You need the GCD. Either use BigInteger like Nathan mentioned or if you can't, use your own.

你需要 GCD。要么像 Nathan 提到的那样使用 BigInteger，要么如果你不能，使用你自己的。

public int GCD(int a, int b){
   if (b==0) return a;
   return GCD(b,a%b);
}

Then you can divide each number by the GCD, like you have done above.

然后你可以将每个数字除以 GCD，就像你在上面所做的那样。

This will give you an improper fraction. If you need a mixed fraction then you can get the new numbers. Example if you had 1500 and 500 for inputs you would end up with 3/2 as your answer. Maybe you want 1 1/2. So you just divide 3/2 and get 1 and then get the remainder of 3/2 which is also 1. The denominator will stay the same.
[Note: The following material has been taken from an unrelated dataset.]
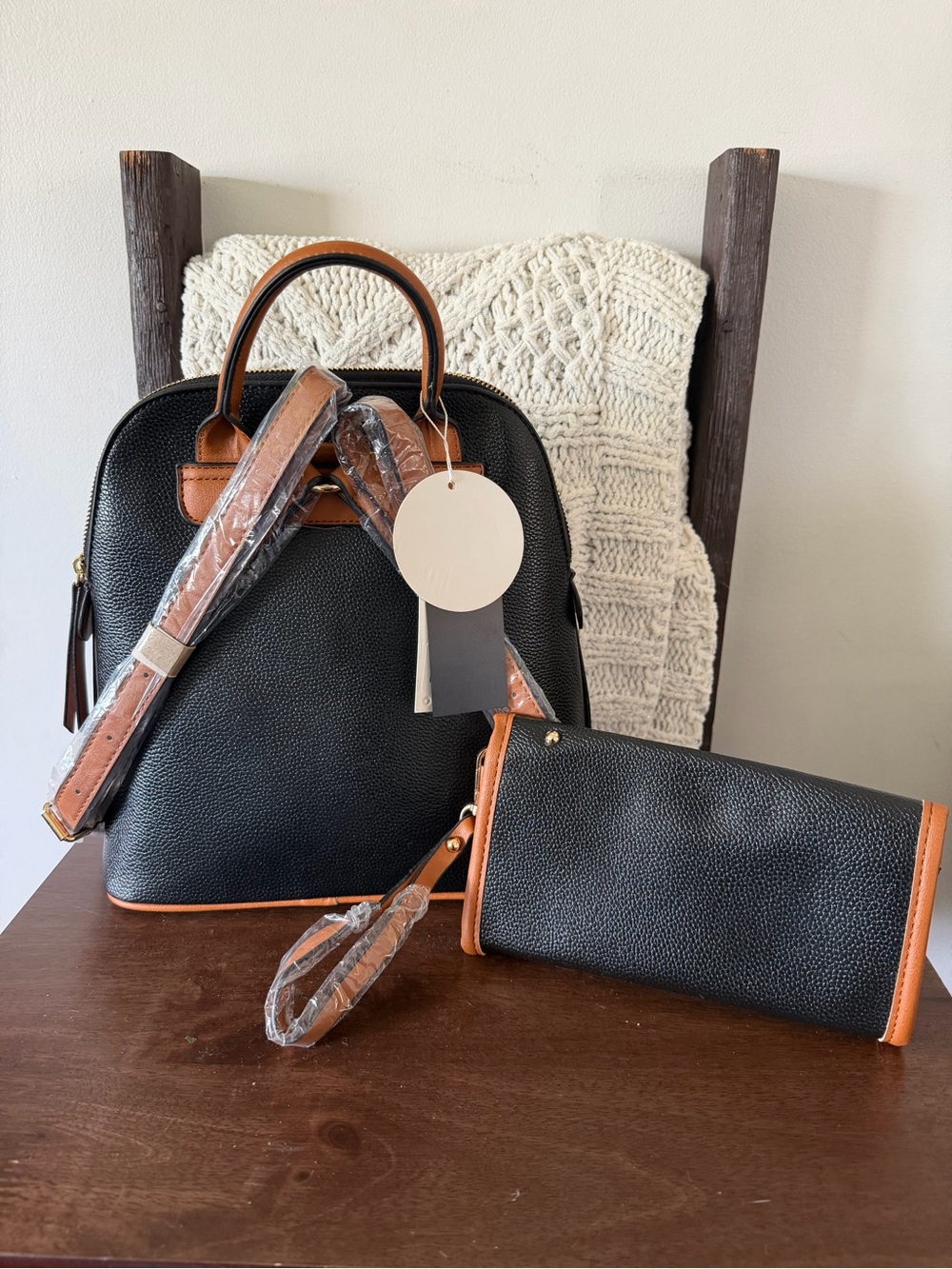 NWT Pebbled Leather Backpack with Matching Wristlet - Picture 3 of 6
这会给你一个不正确的分数。如果您需要混合分数，那么您可以获得新数字。例如，如果你有 1500 和 500 的输入，你最终会得到 3/2 作为你的答案。也许你想要 1 1/2。所以你只需除以 3/2 得到 1，然后得到 3/2 的余数，它也是 1。分母将保持不变。

whole = x/y;
numerator x%y;
denominator = y;

In case you don't believe me that this works, you can check out http://en.wikipedia.org/wiki/Euclidean_algorithm

如果你不相信我这行得通，你可以查看 http://en.wikipedia.org/wiki/Euclidean_algorithm

I just happen to like the recursive function because it's clean and simple.

我只是碰巧喜欢递归函数，因为它简洁明了。

Your algorithm is close, but not exactly correct. Also, you should probably create a new function if you want to find the gcd. Just makes it a little cleaner and easier to read. You can also test that function as well.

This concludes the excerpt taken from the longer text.